Hi everyone, I'm a very newbie in Bioinformatics. I have a question about the treatment of duplication for RNAseq. Should I remove duplication (natural and artificial)?
I tried to use dupRadar for duplication in R. With one sample, It shows me as below
>fit <- duprateExpFit(DupMat=dm)
>cat("duprate at low read counts: ",fit$intercept,"\n",
"progression of the duplication rate: ",fit$slope,fill=TRUE)
> duprate at low read counts: 1.159792, progression of the duplication rate: 2.319875.
I don't know what is meaning exactly. Please let me know whether I should remove duplication for further analysis or not.
Thanks a lot in advance.
Thank you so much for your answer. But still, I'm a bit confused because of the discussion of links. It looks like depending on the condition. depRadar tool may solve the problem? please let me know.

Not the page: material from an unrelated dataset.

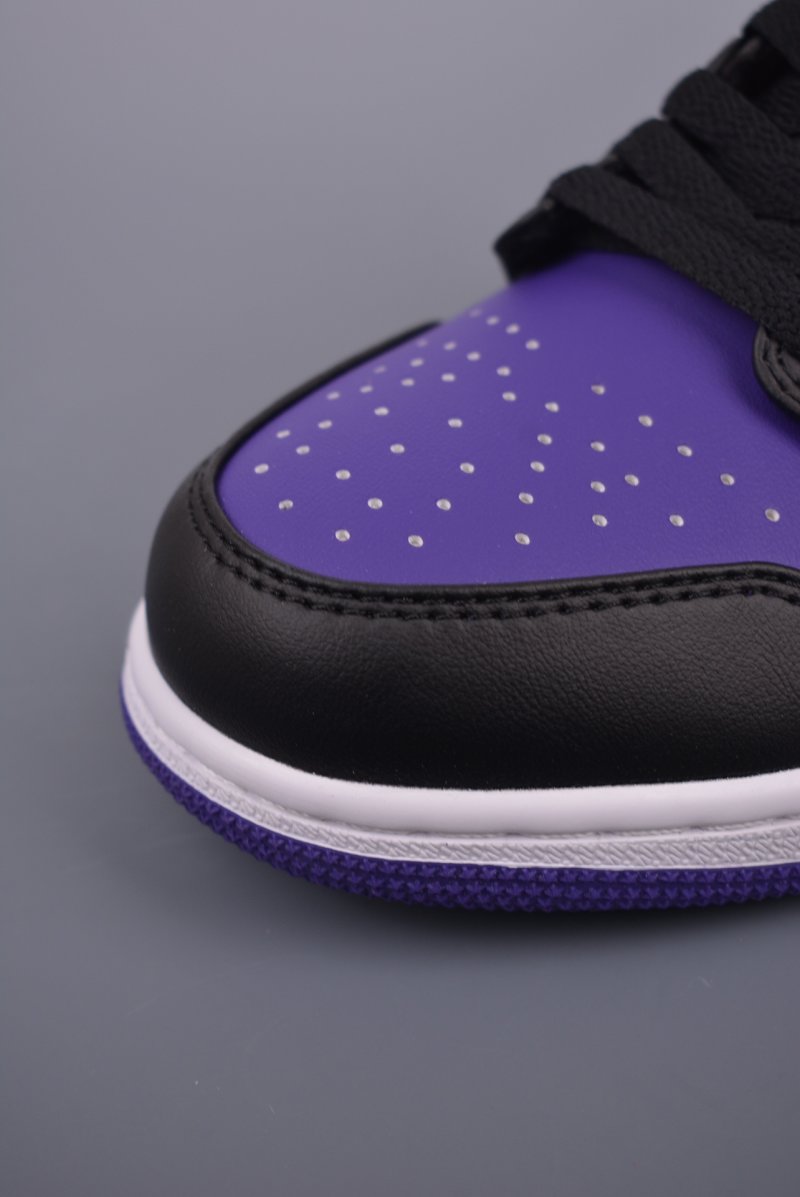 Air Jordan 1 Low 'White / Black / Purple' view
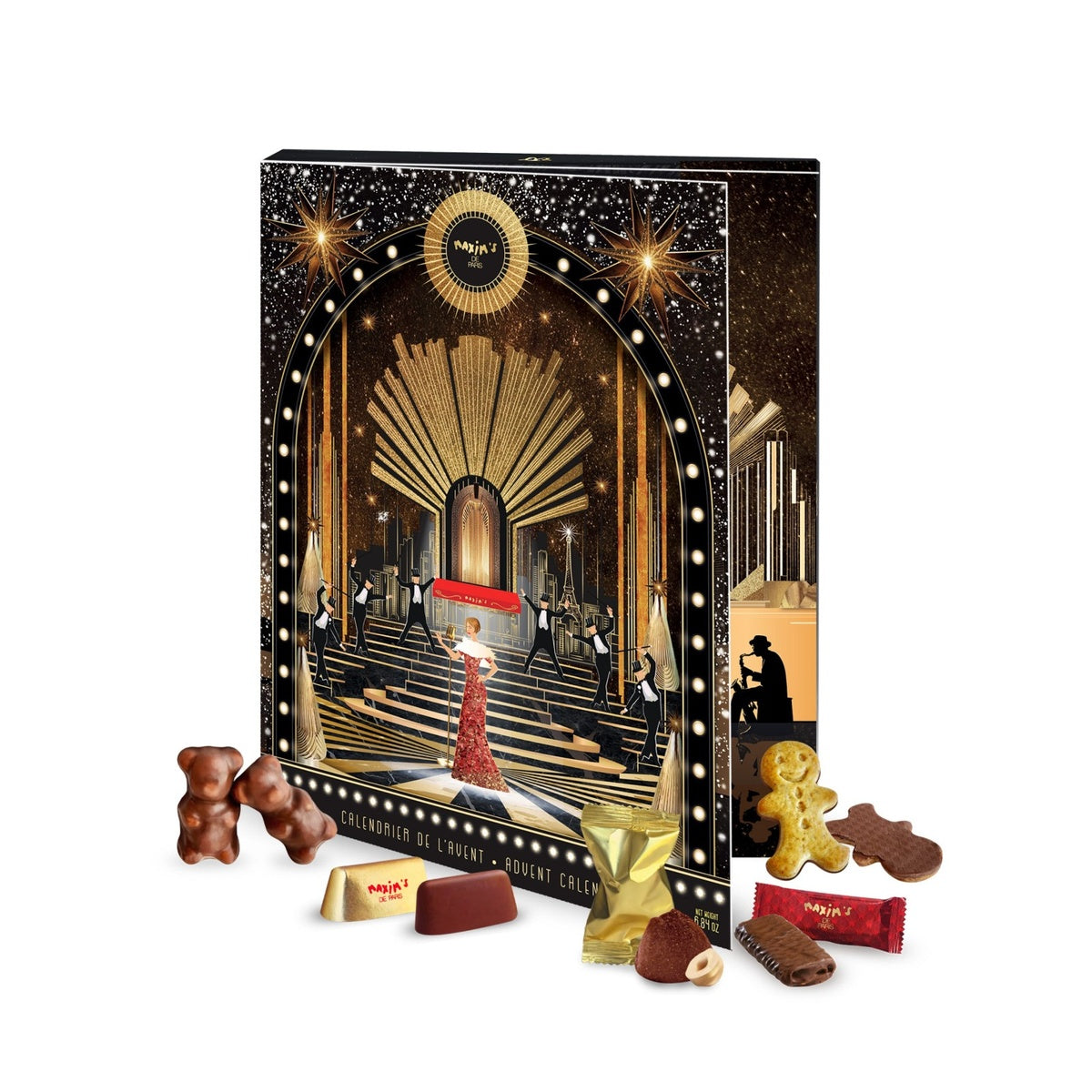 [MAXIM'S DE PARIS] 2026 Advent Calendar (24pcs, Chocolates & Sweets)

Even if there is a problem (with PCR duplicates), it is not possible to solve it cleanly unless you were using unique molecular indexes (UMI, which adds cost and complexity). UMI's are used to label individual RNA molecules before they are converted to cDNA and amplified. dupRadar will remove duplicates but you would be throwing away good counts and may skew your downstream analysis.
Thanks a lot! It makes me clear. Thank you again for your solution!